_Exercise prompt_
Only the lines of the listing below that run from the line with "FILE PHOTO: A" through the line with "Homme âgé avec" are to be set down, word for word. Pictures stay out.

_Available data_
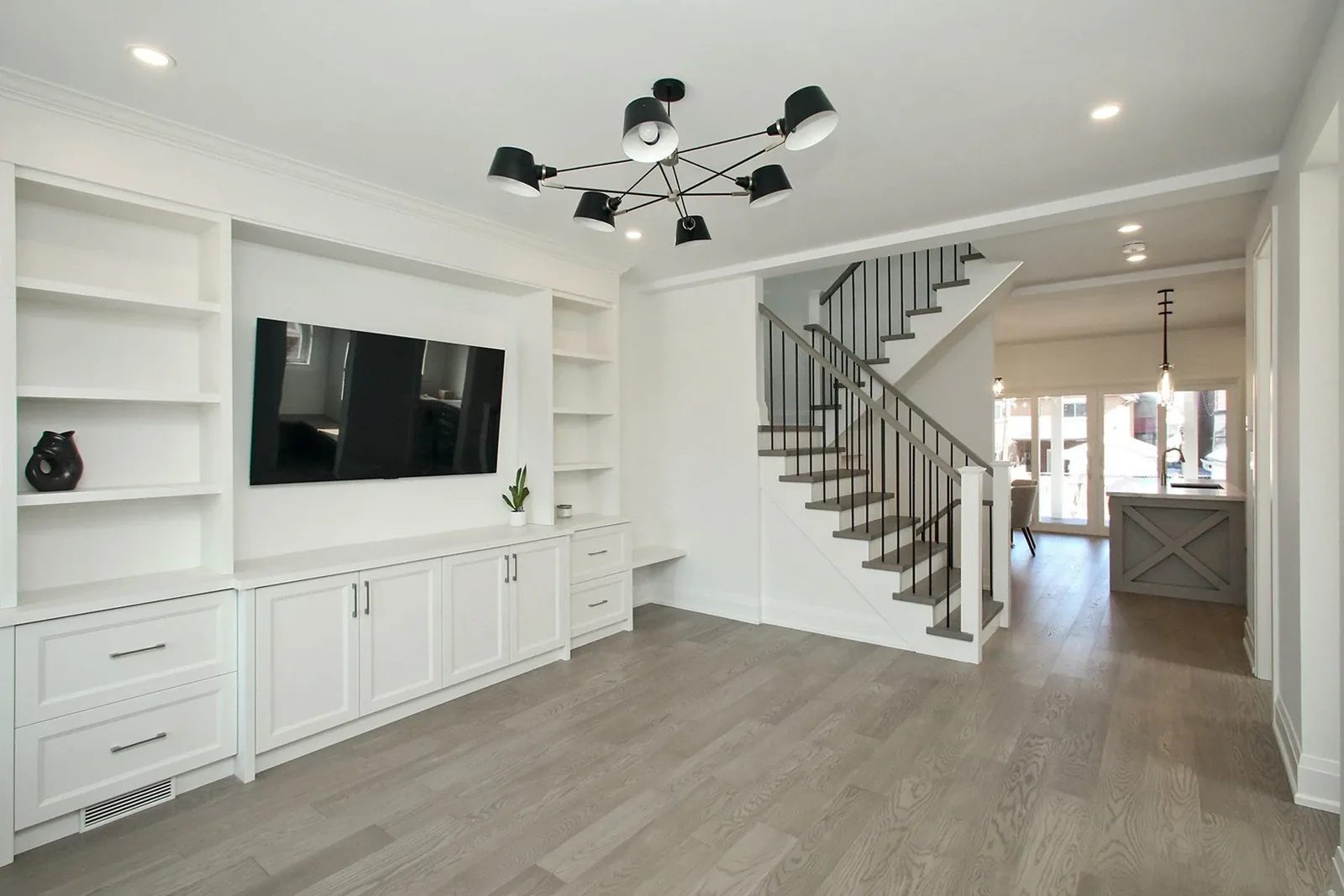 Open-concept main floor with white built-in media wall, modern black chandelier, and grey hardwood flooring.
---
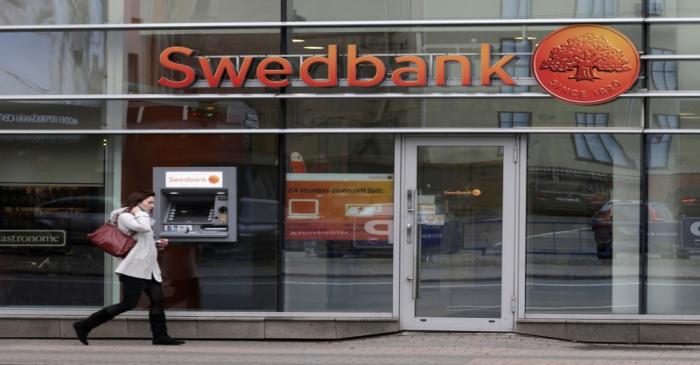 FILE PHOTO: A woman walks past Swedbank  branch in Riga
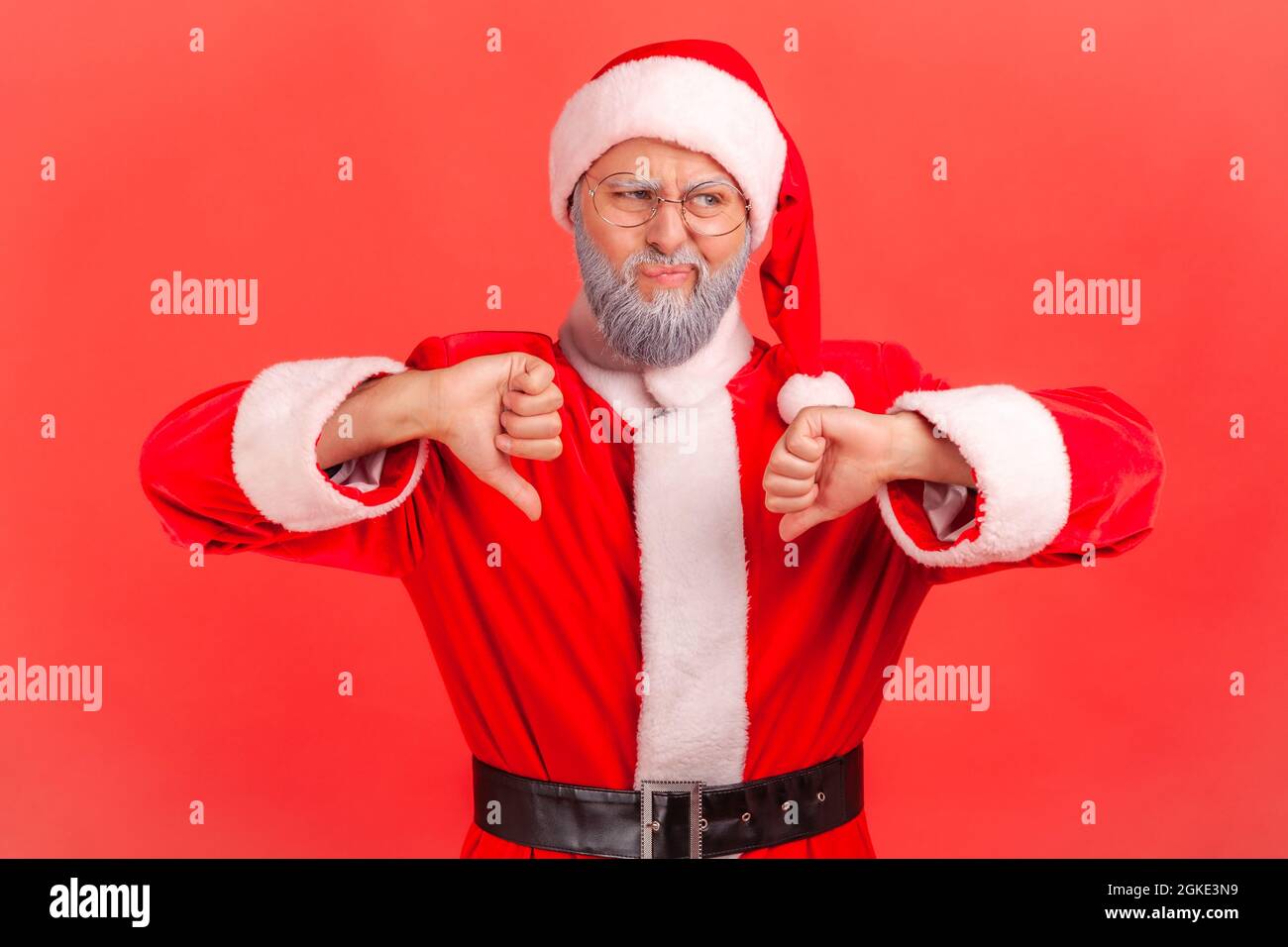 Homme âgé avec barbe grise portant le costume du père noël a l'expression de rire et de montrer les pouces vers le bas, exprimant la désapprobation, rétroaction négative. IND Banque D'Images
==
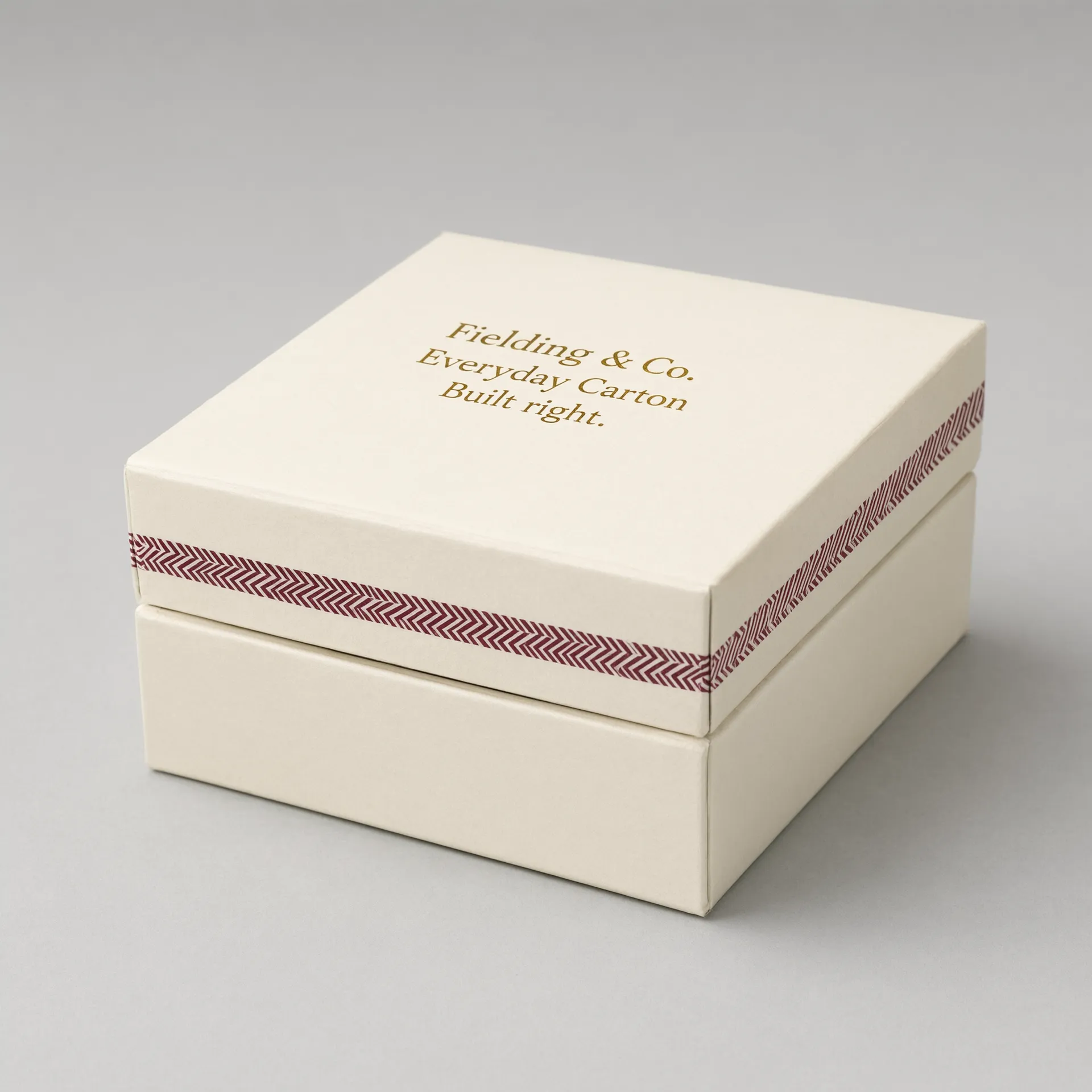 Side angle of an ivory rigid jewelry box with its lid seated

_Response_
 FILE PHOTO: A woman walks past Swedbank  branch in Riga
 Homme âgé avec barbe grise portant le costume du père noël a l'expression de rire et de montrer les pouces vers le bas, exprimant la désapprobation, rétroaction négative. IND Banque D'Images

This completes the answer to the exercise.